Charlotte and her Plasterer husband Kieron bought their 'dream home' brand-new for £250,000 in 2014

In his garage, Richard shows me buckets of mud and silt he and his children have spent days shovelling from the road outside their home in a forlorn effort to improve the drainage

‘And now I’ve read that the company that built it has more than £400,000 worth of debts, so I guess whatever guarantees we have as new build homes will no longer be valid. That is extremely worrying, given how everything has been botched.

‘But it is the road drainage that is the biggest headache.

‘For the past three or four years, whenever there’s the slightest drop of rain it fills with water and because the drainage system doesn’t work at all, it just floods and floods. The only time it starts to disperse is in a hot dry spell like this summer when it evaporates in the air.

‘But that leaves us with this mud, which then becomes dust, so everywhere is filthy. It all gets trodden in through the house, especially with four young children, and it is awful to live with. I just want to move away.’

Across the road – and across the floodwater – her neighbour Richard Wakefield is equally fed up.

‘I want to move, but this house is probably worthless at the moment because it is right next to the flooding, as you can see.

‘It would be dishonest to put it on the market in the summer when it’s dry and if anyone want to come and look at it now, there’s no way they’d want to buy it.

‘My wife and I can’t sleep at night because of the noise of the splashing as delivery vans go up and down here 24/7 and we’re both very anxious about it.’

In his garage, Richard shows me buckets of mud and silt he and his children have spent days shovelling from the road outside their home in a forlorn effort to improve the drainage.

‘We spent all day this weekend filling these buckets up, but in truth it’s made absolutely no difference. The only difference it’s made is to my health because I hurt my back doing it and had to take two days off work.

‘I am at the end of my tether with this. We sent email after email to the developers but they ignored them.

‘Eventually our local MP came down and then the council started sending pumping machinery to pump it out for a couple of weeks, but now they don’t attend any more and the flood is getting really bad again.’

The development, which is around two miles from Jeremy Clarkson’s Farmer’s Dog pub restaurant, was built on a former warehouse around a decade ago.

Photographer Mr Wakefield said he and his family are ‘constantly stressed knowing it’s a ticking time bomb before our house gets flooded’ and he added that he was disappointed with the developers ‘who decided a permeable brick drainage system would work’.

District councillor for Witney South, Michael Brooker said the situation was ‘completely avoidable’ if the developer had put the drainage in the ‘right place’.

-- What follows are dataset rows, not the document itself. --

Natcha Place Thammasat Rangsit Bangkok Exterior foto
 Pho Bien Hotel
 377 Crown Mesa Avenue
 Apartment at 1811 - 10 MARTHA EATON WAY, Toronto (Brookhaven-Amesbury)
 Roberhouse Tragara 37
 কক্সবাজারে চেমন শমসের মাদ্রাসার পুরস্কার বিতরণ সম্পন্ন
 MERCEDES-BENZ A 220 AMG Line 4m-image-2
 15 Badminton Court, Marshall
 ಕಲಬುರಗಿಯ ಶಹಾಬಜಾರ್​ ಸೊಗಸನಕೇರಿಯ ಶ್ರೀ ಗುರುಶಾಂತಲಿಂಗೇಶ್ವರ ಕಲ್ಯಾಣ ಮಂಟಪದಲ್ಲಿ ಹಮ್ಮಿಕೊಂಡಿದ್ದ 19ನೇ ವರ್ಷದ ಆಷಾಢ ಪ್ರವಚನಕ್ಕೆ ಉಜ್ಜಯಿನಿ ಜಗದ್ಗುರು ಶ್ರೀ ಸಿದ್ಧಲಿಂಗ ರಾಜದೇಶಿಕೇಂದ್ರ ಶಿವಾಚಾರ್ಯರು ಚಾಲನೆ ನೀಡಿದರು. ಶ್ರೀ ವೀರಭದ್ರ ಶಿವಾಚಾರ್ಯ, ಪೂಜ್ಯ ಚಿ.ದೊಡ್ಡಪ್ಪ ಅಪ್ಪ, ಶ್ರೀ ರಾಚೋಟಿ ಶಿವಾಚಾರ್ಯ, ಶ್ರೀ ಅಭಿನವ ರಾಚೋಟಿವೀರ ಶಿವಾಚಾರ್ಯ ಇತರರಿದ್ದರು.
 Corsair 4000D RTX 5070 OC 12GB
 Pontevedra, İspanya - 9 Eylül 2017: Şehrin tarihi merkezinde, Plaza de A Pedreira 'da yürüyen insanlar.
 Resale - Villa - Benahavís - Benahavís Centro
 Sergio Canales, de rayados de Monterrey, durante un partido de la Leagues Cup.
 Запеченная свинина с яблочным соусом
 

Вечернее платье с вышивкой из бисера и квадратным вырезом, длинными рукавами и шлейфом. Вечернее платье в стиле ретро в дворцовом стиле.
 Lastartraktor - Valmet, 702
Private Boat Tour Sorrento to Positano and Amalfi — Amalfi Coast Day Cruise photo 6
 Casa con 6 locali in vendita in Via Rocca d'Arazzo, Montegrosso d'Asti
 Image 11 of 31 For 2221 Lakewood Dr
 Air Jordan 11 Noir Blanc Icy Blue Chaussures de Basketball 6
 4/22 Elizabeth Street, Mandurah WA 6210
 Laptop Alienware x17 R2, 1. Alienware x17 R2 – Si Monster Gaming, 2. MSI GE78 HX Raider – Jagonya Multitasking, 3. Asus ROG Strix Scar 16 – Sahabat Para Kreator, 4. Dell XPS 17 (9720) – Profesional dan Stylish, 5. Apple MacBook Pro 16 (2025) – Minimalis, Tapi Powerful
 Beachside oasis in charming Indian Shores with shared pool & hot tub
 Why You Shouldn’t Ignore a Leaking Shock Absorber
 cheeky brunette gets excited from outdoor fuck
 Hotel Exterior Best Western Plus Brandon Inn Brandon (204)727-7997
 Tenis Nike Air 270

Earlier this month it was revealed that the developer of the flood-ridden estate is £400k in debt, according to Companies House documents.

Bower Mapson, the house-builder who developed Buttercross Works, owes a total of £434,164, papers filed on Companies House show.

In a summary of its financial statements up to March 31 this year, it said the firm owed £145 to trade creditors, £233,020 to other creditors and £200,999 to participating interests.

The document was filed on November 21, just days after Peter Mapson was officially removed as a director for the Swindon-based company on October 28.